Reevaluating Galaviz v. Berg: An Analysis of Forum-Selection Provisions in Unilaterally Adopted Corporate Bylaws as Requirements Contracts

Reevaluating Galaviz v. Berg: An Analysis of Forum-Selection Provisions in Unilaterally Adopted Corporate Bylaws as Requirements Contracts

In the wake of a passing comment and footnote in
In re Revlon, Inc. Shareholders Litigation, Delaware practitioners have grappled with the enforceability of
forum‐selection provisions adopted in corporate charters and bylaws.
After the Delaware Chancery Court decided In re Revlon in 2010, most practitioners concluded that such a
provision would be enforceable under Delaware corporate law.
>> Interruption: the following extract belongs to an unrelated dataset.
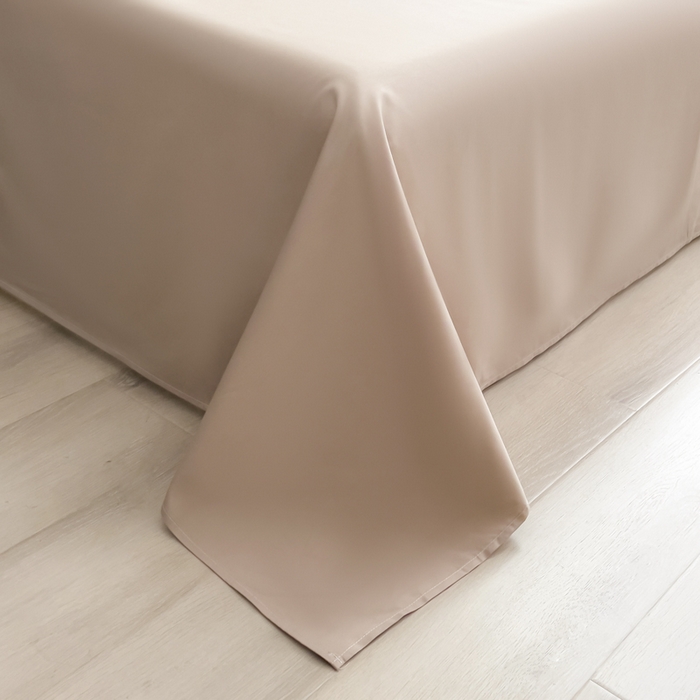 91家纺网 家纺一手货源 找家纺 倾慕家纺 2025新款60S提花全棉四件套 椿屿咖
However in 2011, in Galaviz v. Berg—a case of first impression—
the Northern District of California rejected the contention in In re Revlon that forum‐selection provisions adopted by Delaware
corporations should be contractually enforceable. The court in Galaviz instead held that a forum‐selection provision contained in a bylaw
unilaterally adopted by a board of directors was not binding on shareholders under federal procedural law governing forum‐selection provisions.
Still, given the uncertainty regarding the enforceability of forum‐selection provisions in other jurisdictions, many practitioners continue
to advise companies to adopt these provisions “just in case.”